Data below —
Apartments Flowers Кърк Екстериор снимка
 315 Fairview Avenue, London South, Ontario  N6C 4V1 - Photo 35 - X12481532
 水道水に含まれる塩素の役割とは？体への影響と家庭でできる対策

What is expected —
Reproduce every line above, keeping each word exactly as it appears.

Reply —
Apartments Flowers Кърк Екстериор снимка
 315 Fairview Avenue, London South, Ontario  N6C 4V1 - Photo 35 - X12481532
 水道水に含まれる塩素の役割とは？体への影響と家庭でできる対策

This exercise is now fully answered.